◆ Task item: Repeat the listing below in full and exactly, but without its pictures.
-- -- --
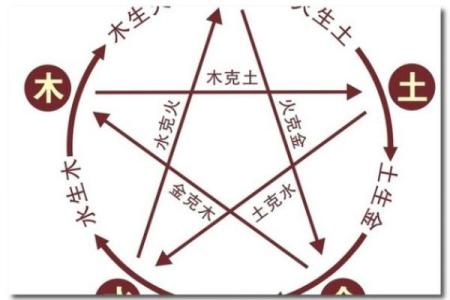 属兔人的命运分析：最适合的职业与生活方式探讨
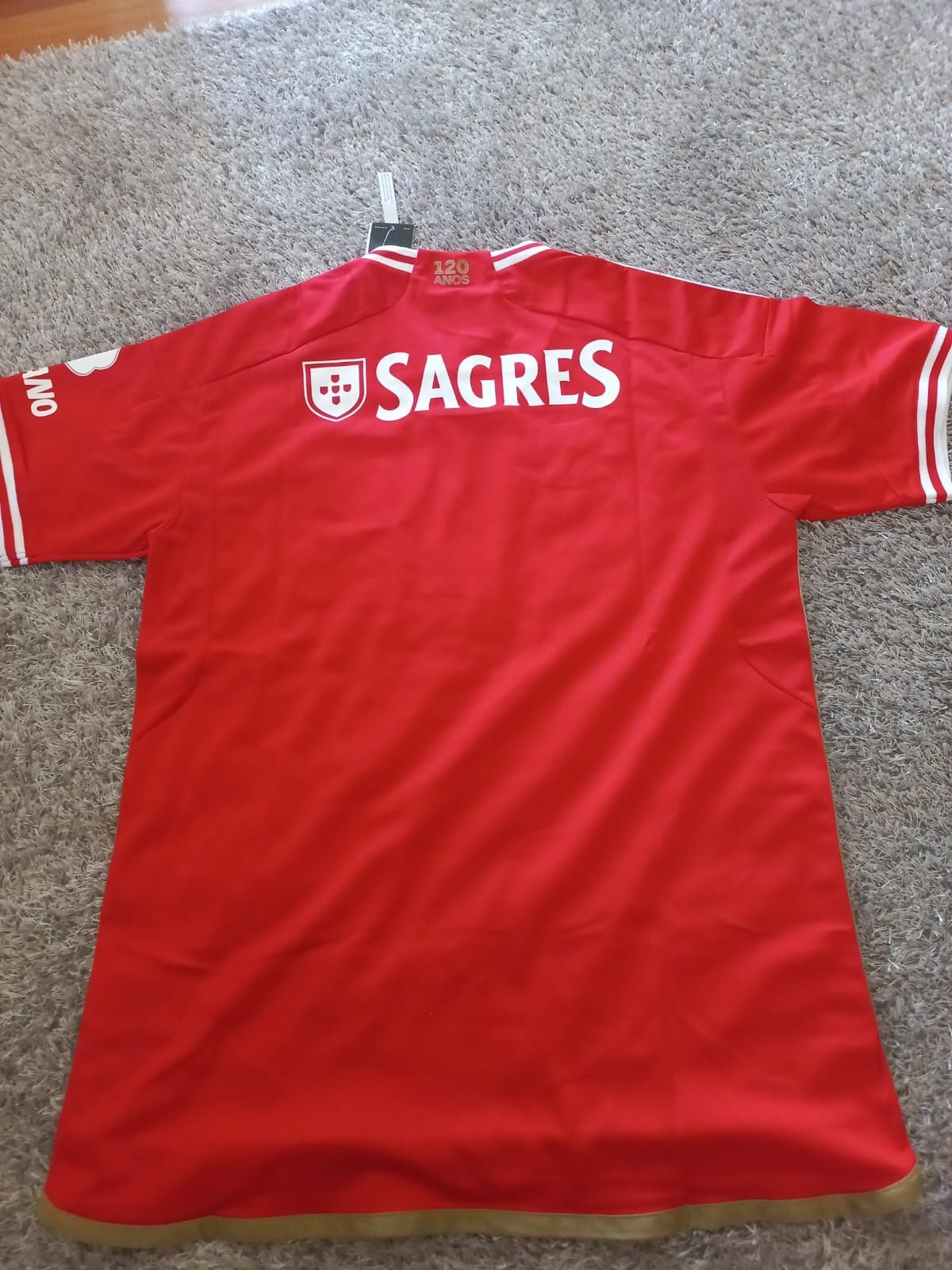 Camisola do Benfica 2023/2024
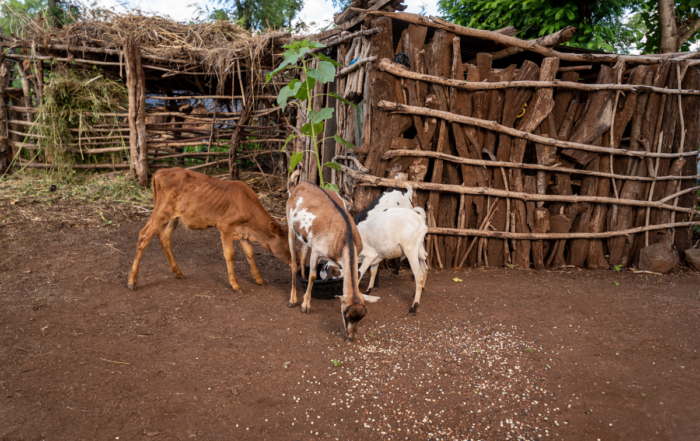 Goats in a yard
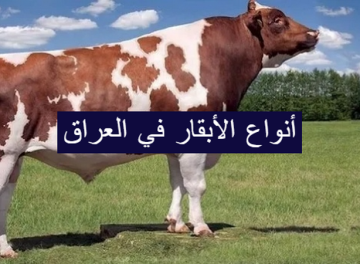 أنواع الأبقار في العراق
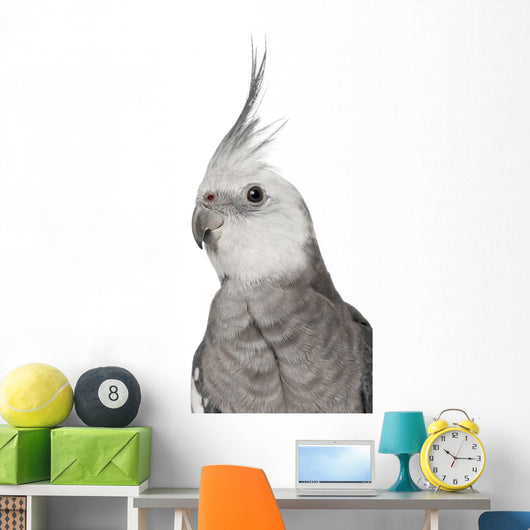 Male Cockatiel - Left Side (Nymphicus Hollandicus) Wall Decal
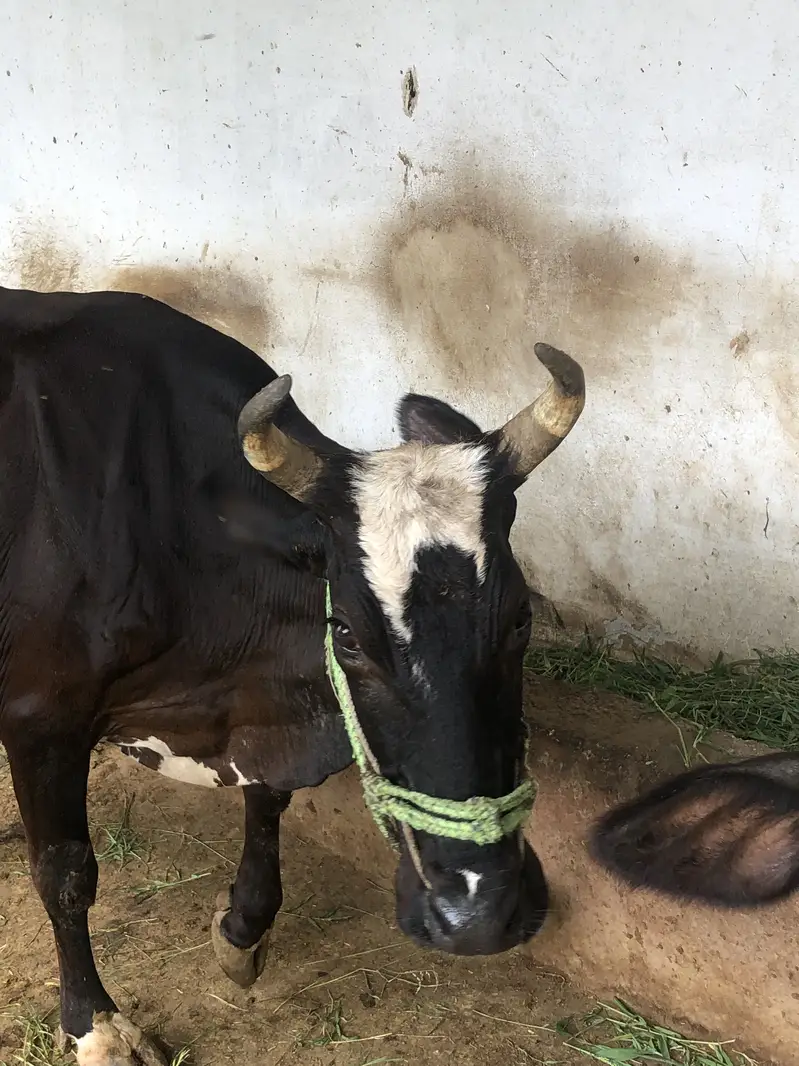 Gabrali breed 9 months 3 days pregnant — photo 6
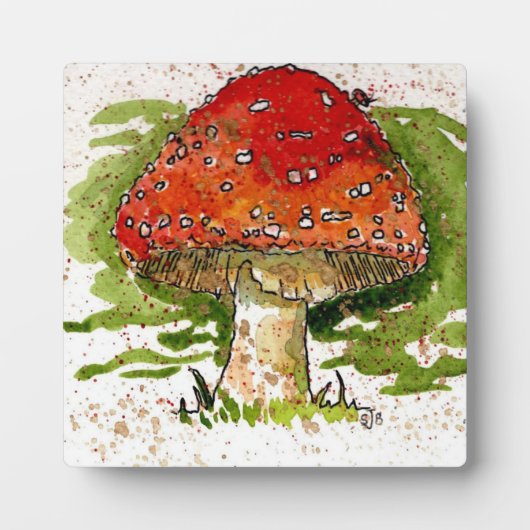 Toadstool met paling fotoplaat (Voorkant)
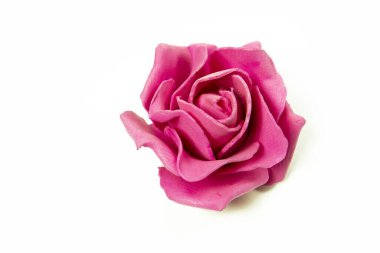 Beyaz arka planda pembe gül, stüdyo çekimi, sevgililer günü kartı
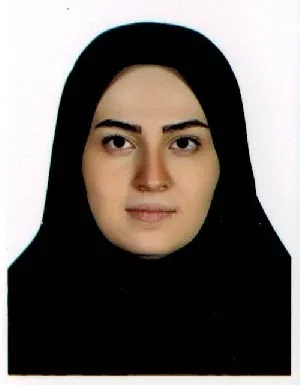 وکیل نگین مجد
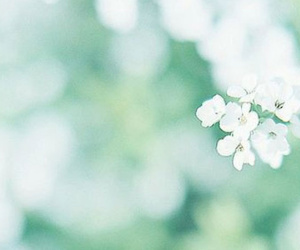Chủ nhật của bạn (16/9): Xử Nữ tinh tế đến không ngờ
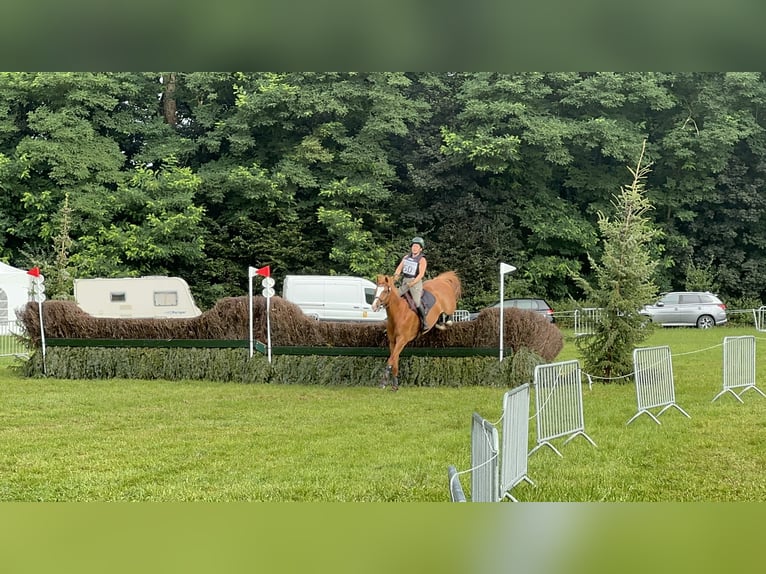 Altmärkisches Kaltblut Wallach 13 Jahre 168 cm Hellbrauner in Maldegem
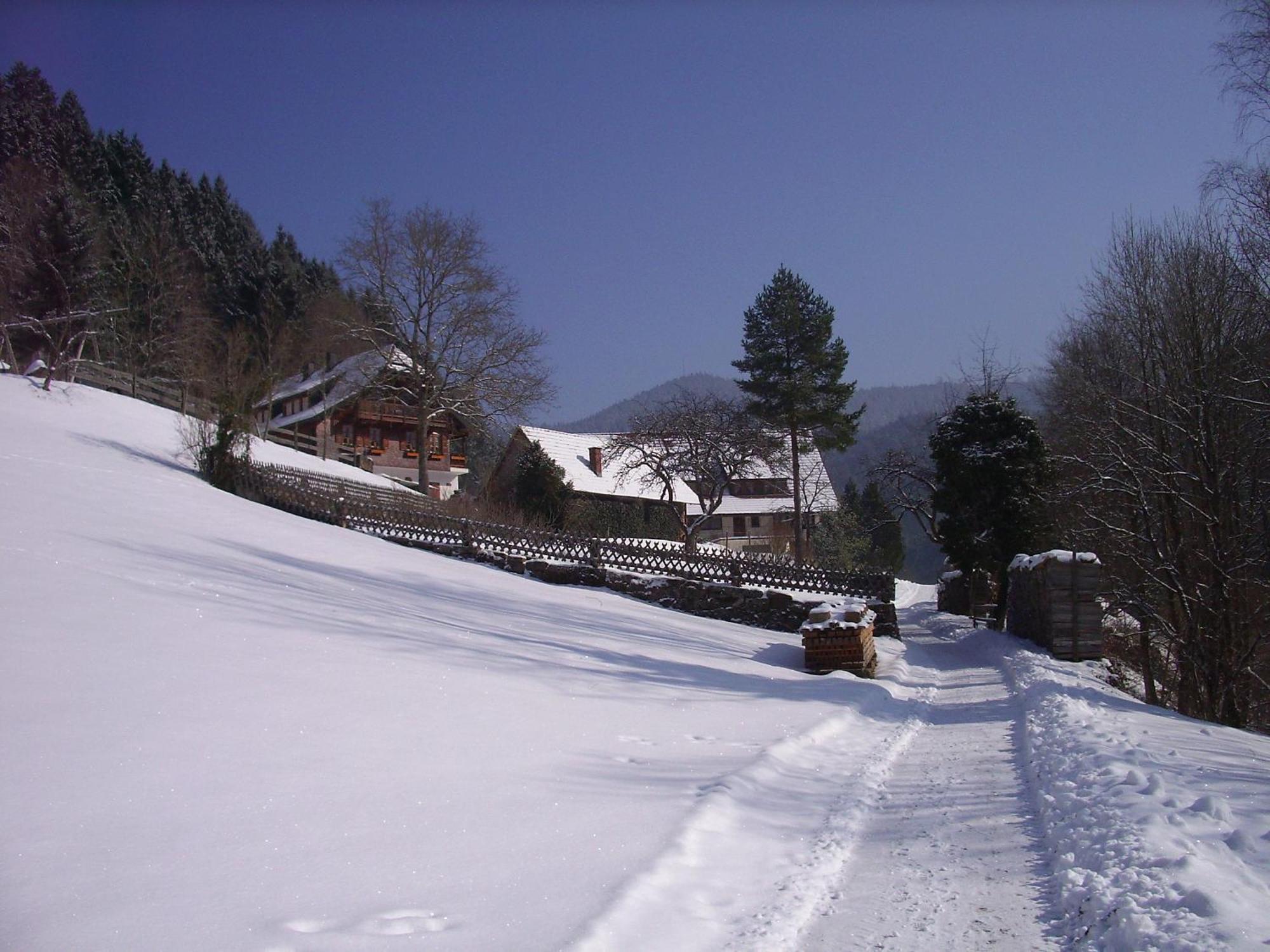 Vogtshof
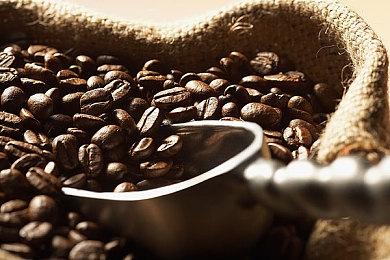 《怪物猎人：世界》销量已超过系列总销量四分之一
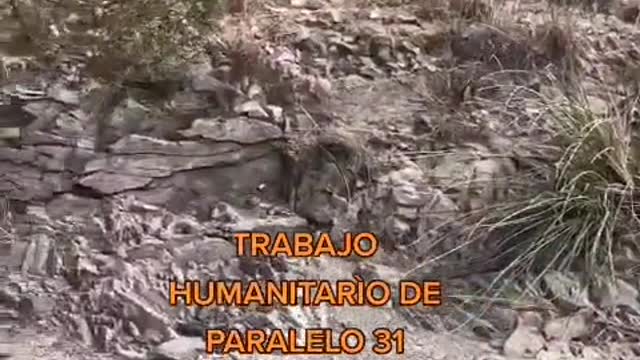 Humanitarian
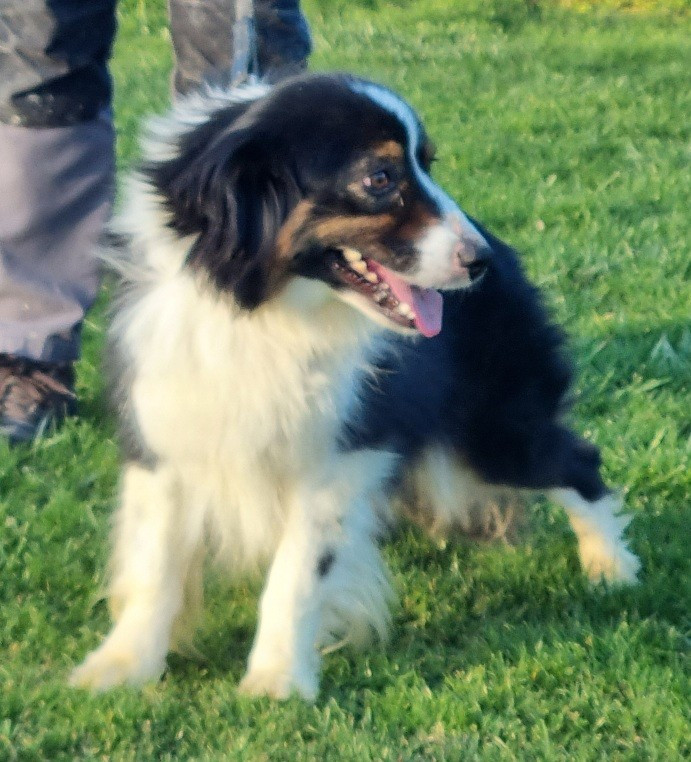 Publication : des hirondelles du voyage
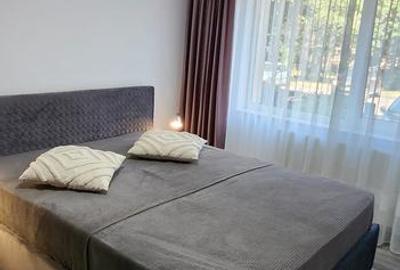 Apartament 3 camere, b-dul Victoriei, renovat, mobilat, utilat, parter / 8 etaje - 4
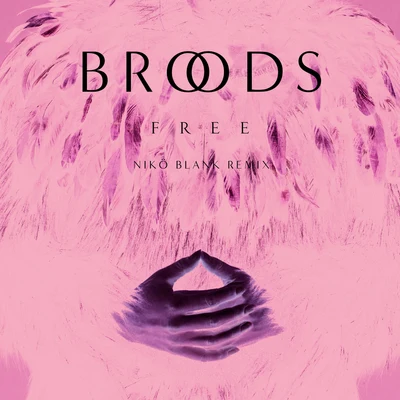 Free (Nikö Blank Remix) 專輯 BROODS/The Killers/Alison Wonderland/Sam Smith/Fall Out Boy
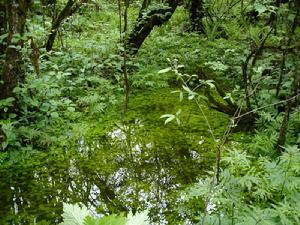 白水河國家森林公園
-- -- --
◆ Result for this exercise:
 属兔人的命运分析：最适合的职业与生活方式探讨
 Camisola do Benfica 2023/2024
 Goats in a yard
 أنواع الأبقار في العراق
 Male Cockatiel - Left Side (Nymphicus Hollandicus) Wall Decal
 Gabrali breed 9 months 3 days pregnant — photo 6
 Toadstool met paling fotoplaat (Voorkant)
 Beyaz arka planda pembe gül, stüdyo çekimi, sevgililer günü kartı
 وکیل نگین مجد
Chủ nhật của bạn (16/9): Xử Nữ tinh tế đến không ngờ
 Altmärkisches Kaltblut Wallach 13 Jahre 168 cm Hellbrauner in Maldegem
 Vogtshof
 《怪物猎人：世界》销量已超过系列总销量四分之一
 Humanitarian
 Publication : des hirondelles du voyage
 Apartament 3 camere, b-dul Victoriei, renovat, mobilat, utilat, parter / 8 etaje - 4
 Free (Nikö Blank Remix) 專輯 BROODS/The Killers/Alison Wonderland/Sam Smith/Fall Out Boy
 白水河國家森林公園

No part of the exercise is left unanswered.